With Mortgage Rates Soaring, the Housing Market Takes Another Hit

Mortgage Rates.

 

As the average 30-year mortgage rate eclipses 7 percent, home buyers and sellers are confronting sticker shock.

The interest rate for the most common home loan in the United States surpassed 7 percent this week, by one measure — the latest signal that the high-flying housing market is falling back to earth.

According to Mortgage News Daily, a popular industry gauge, the average 30-year fixed-rate mortgage reached 7.08 percent on Tuesday. Another survey, by the Mortgage Bankers Association, showed the rate averaging 6.52 percent, the highest reading since mid-2008. Freddie Mac placed it at 6.7 percent, up from 3.01 percent during the same week last year.
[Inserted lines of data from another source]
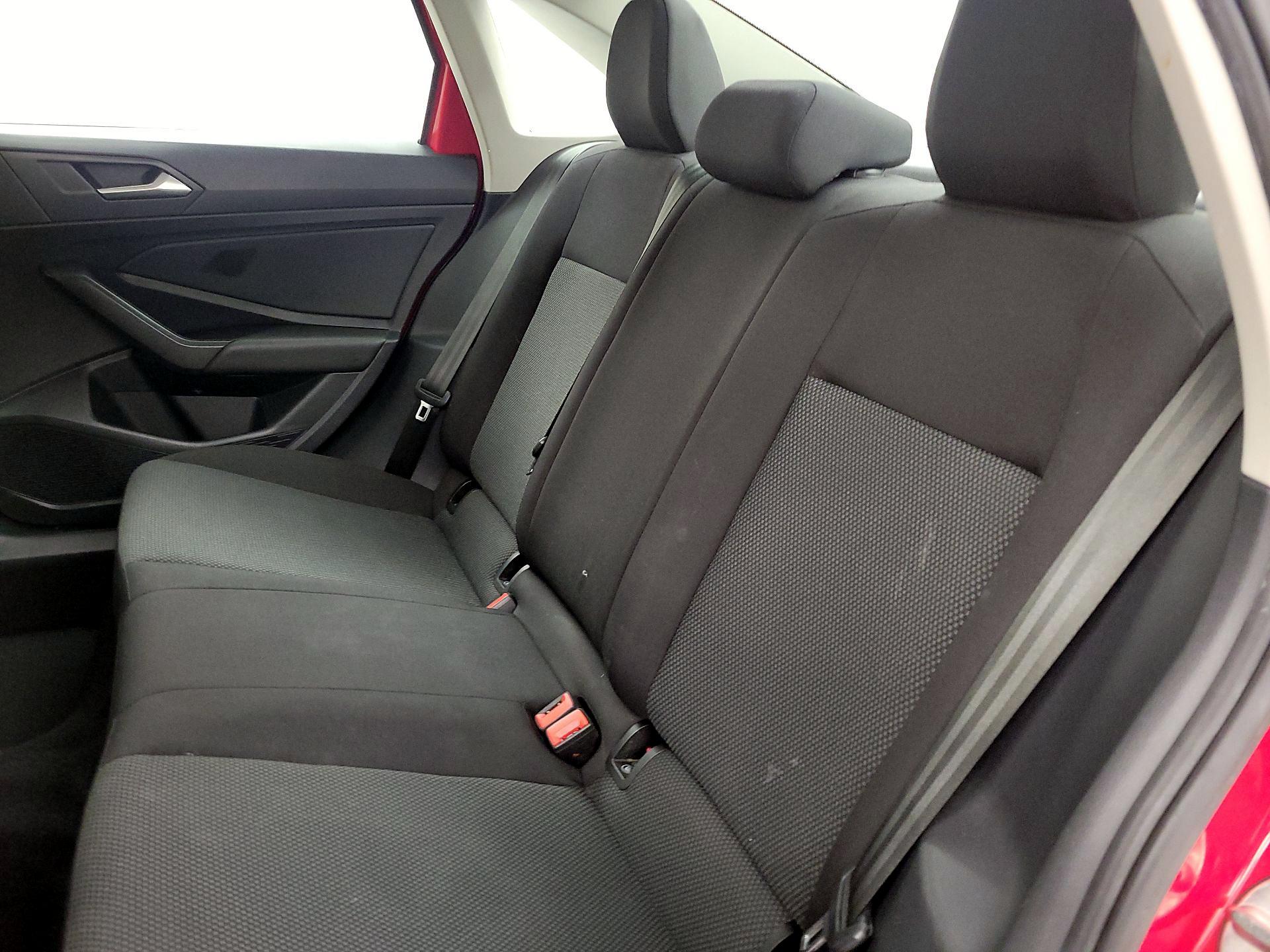 Thumbnail: 2021 Volkswagen Jetta - 19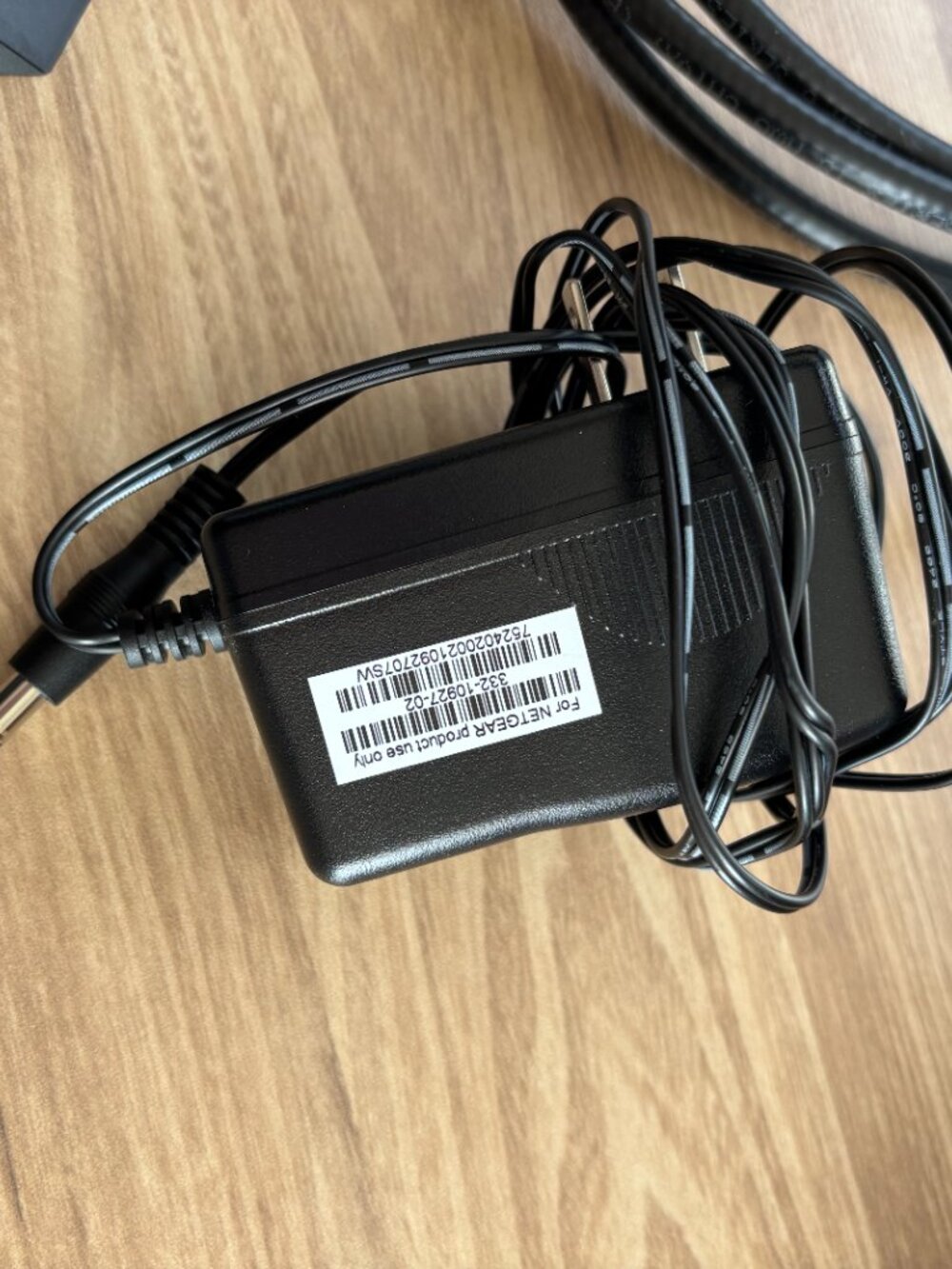 NETGEAR Nighthawk Modem (CM2000) - Picture 8 of 9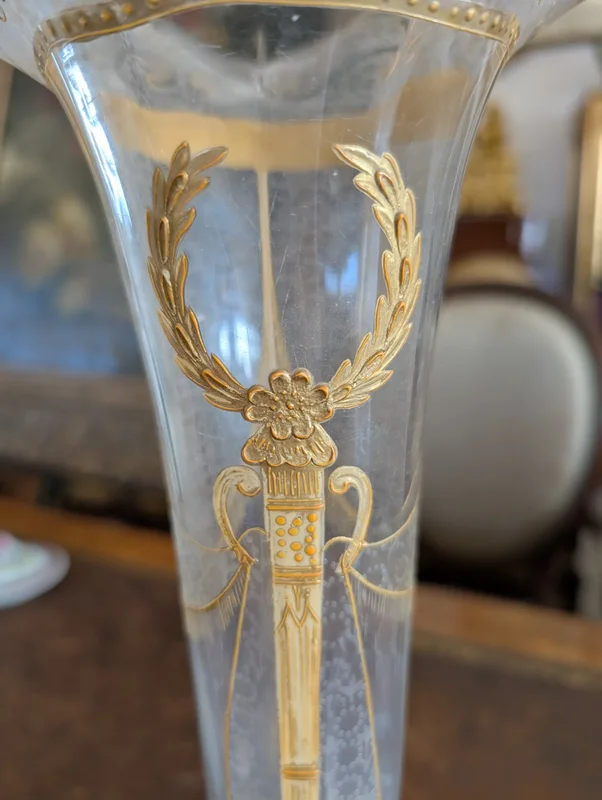 Glass vase decorated with gold motifs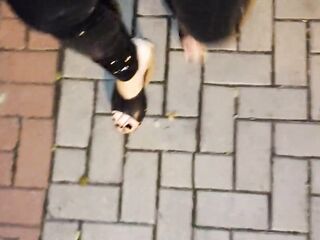 There's no thing like latex on a walk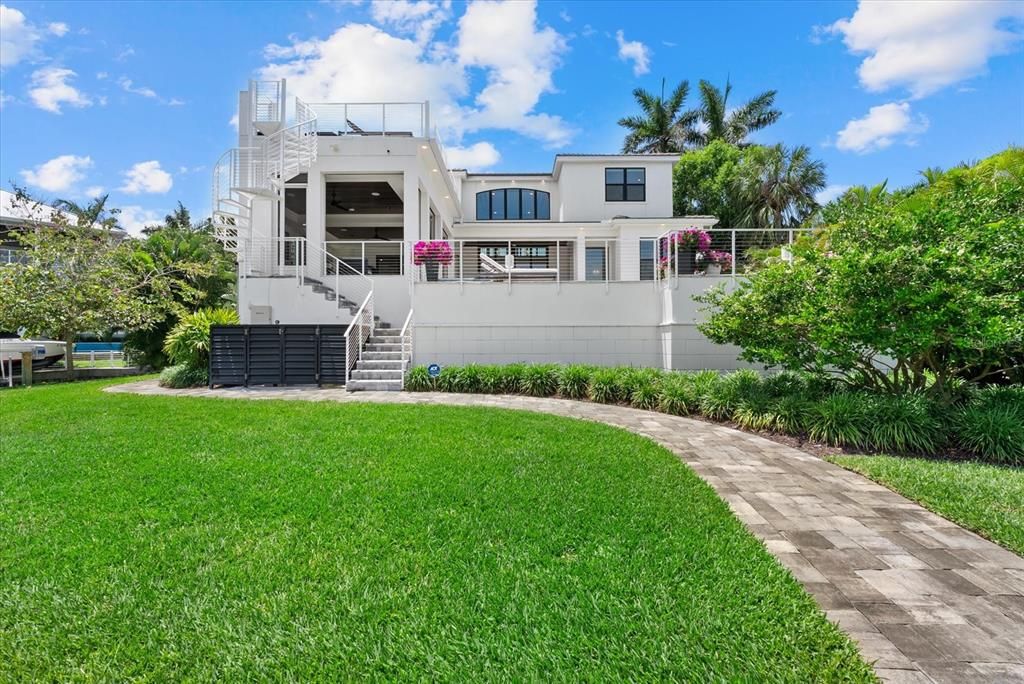 For Sale: $8,250,000 (5 beds, 5 baths, 5664 Square Feet)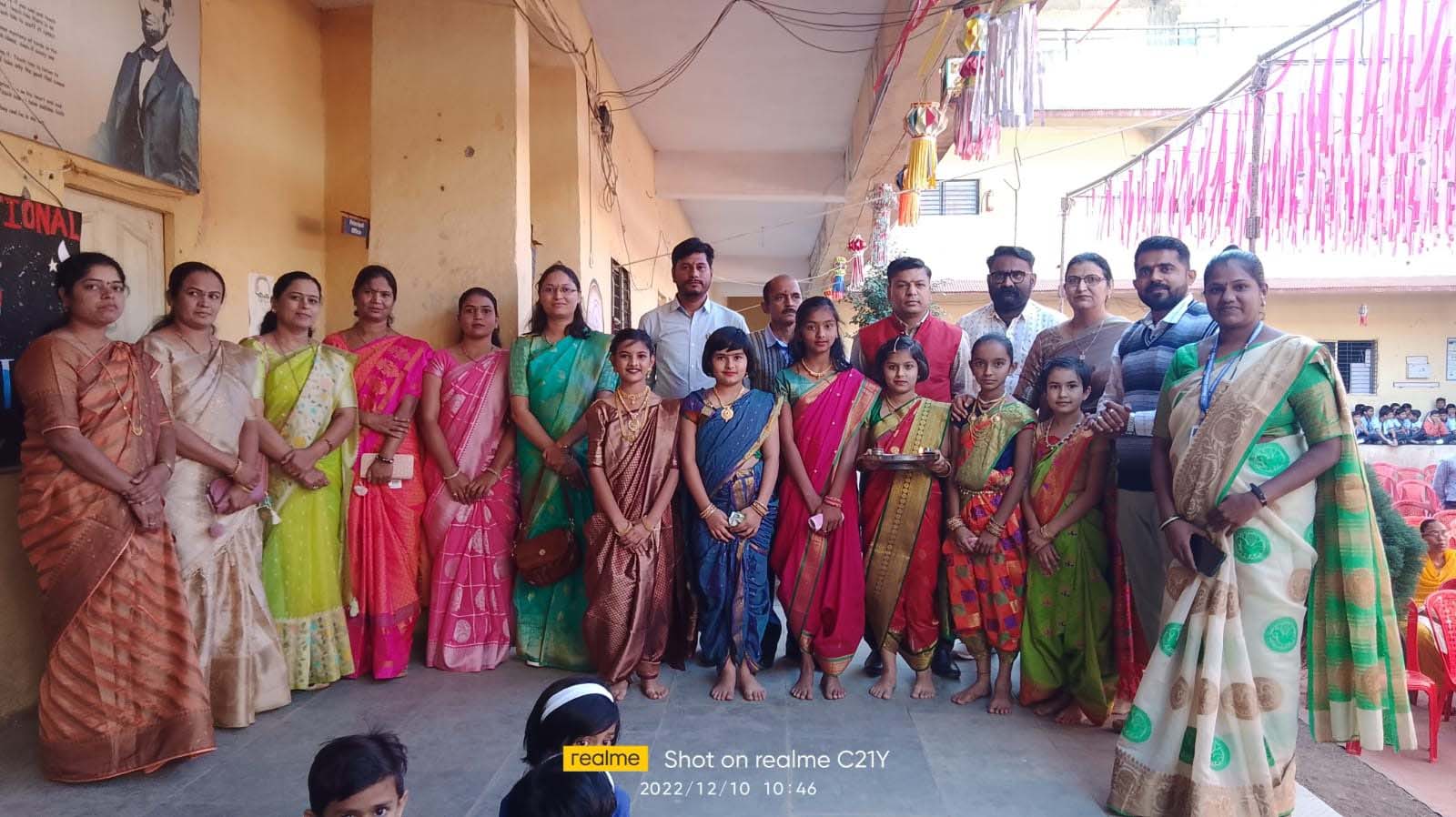 प्रचिती मध्ये विज्ञान व सामाजिक शास्त्राचे प्रदर्शन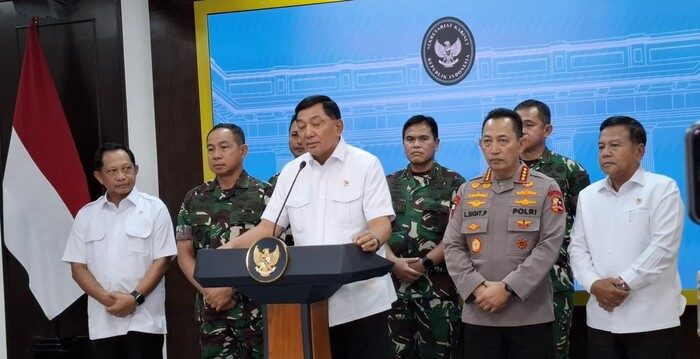 普拉博沃总统(Prabowo Subianto)命令内政部长提托·卡尔纳维安(Tito Karnavian)在全国示威局势下持续协调地方政府运作与民生经济需求。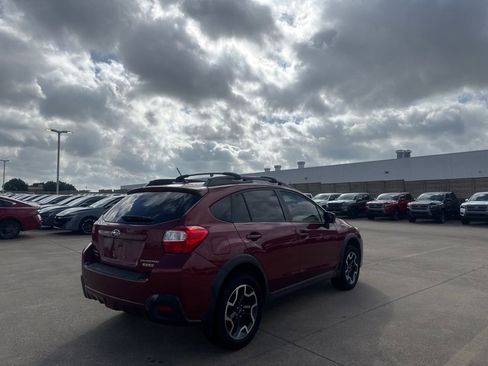 Used 2017 Subaru Crosstrek 2.0i Premium w/ Moonroof Package AWD/4WD image 17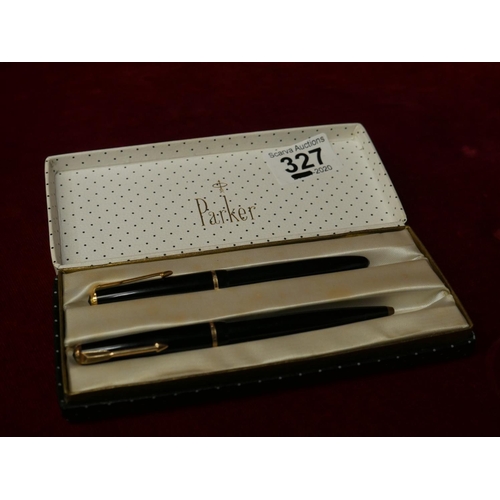 327 - BOXED 14CT GOLD PARKER PEN SET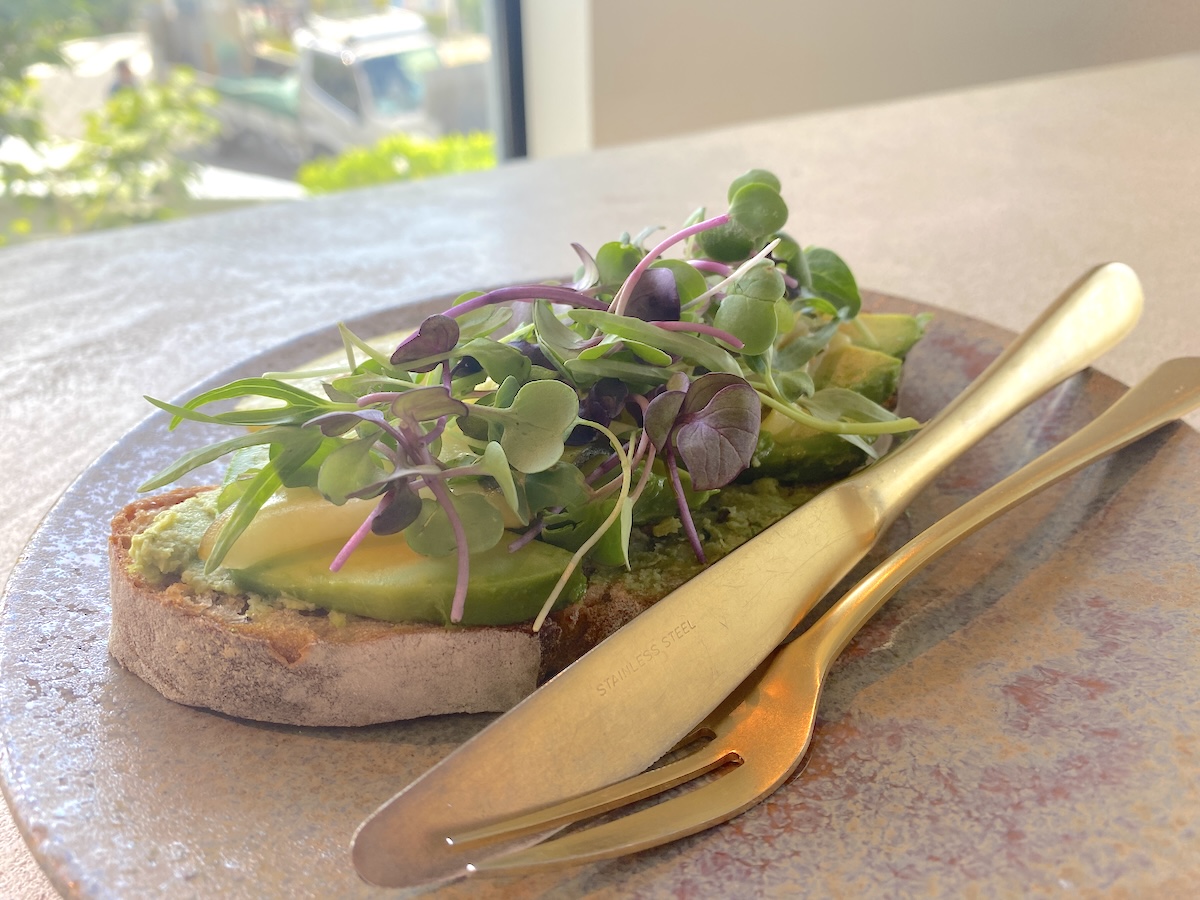 「Et」アボカドのタルティーヌ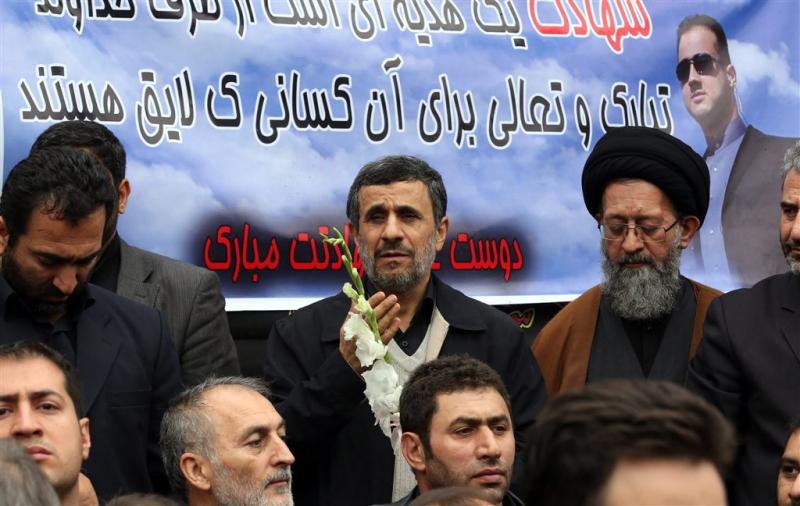 Ahmadinejad kondigt terugkeer aan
The measures vary based on survey criteria and the time of reading, but the message is clear, agents and analysts said: Home buyers and sellers are suffering from sticker shock, and the added borrowing costs are dragging down the market.

Assuming a 10 percent down payment, a home listed at the national median asking price — $435,050 in August 2022 — cost nearly $1,000 more each month than it did in August 2021, when the average mortgage rate was 2.88 percent and the median home price was about 14 percent lower, said Danielle Hale, the chief economist at Realtor.com.